▸ **What is required**
Output the whole listing below exactly, omitting the images.

▸ **Information supplied**

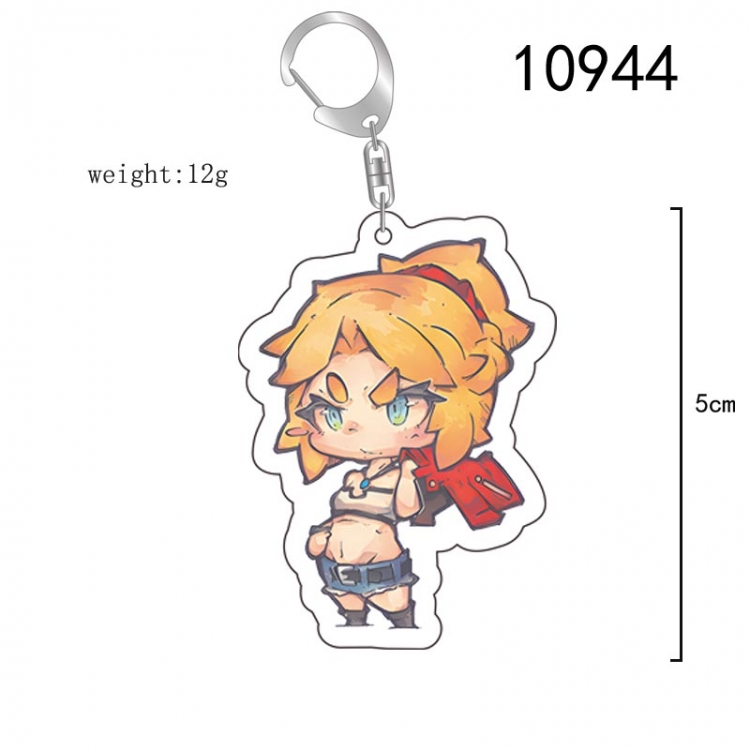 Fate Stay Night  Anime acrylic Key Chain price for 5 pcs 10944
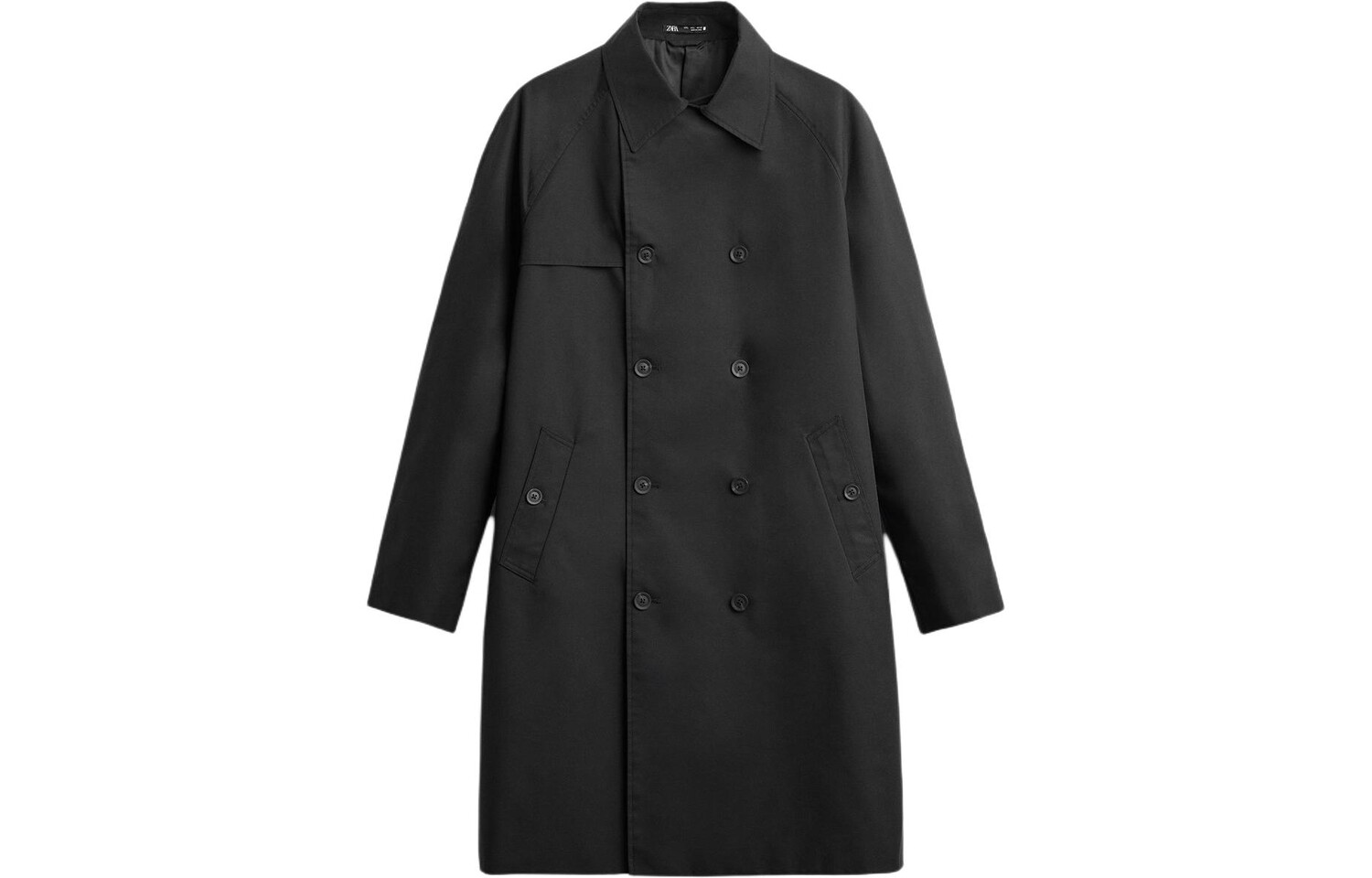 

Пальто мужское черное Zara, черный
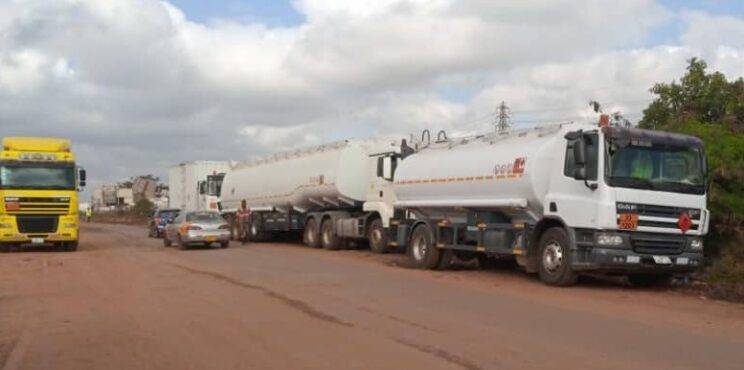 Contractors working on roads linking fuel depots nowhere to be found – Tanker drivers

▸ **Result of this task**
 Fate Stay Night  Anime acrylic Key Chain price for 5 pcs 10944

Пальто мужское черное Zara, черный
 Contractors working on roads linking fuel depots nowhere to be found – Tanker drivers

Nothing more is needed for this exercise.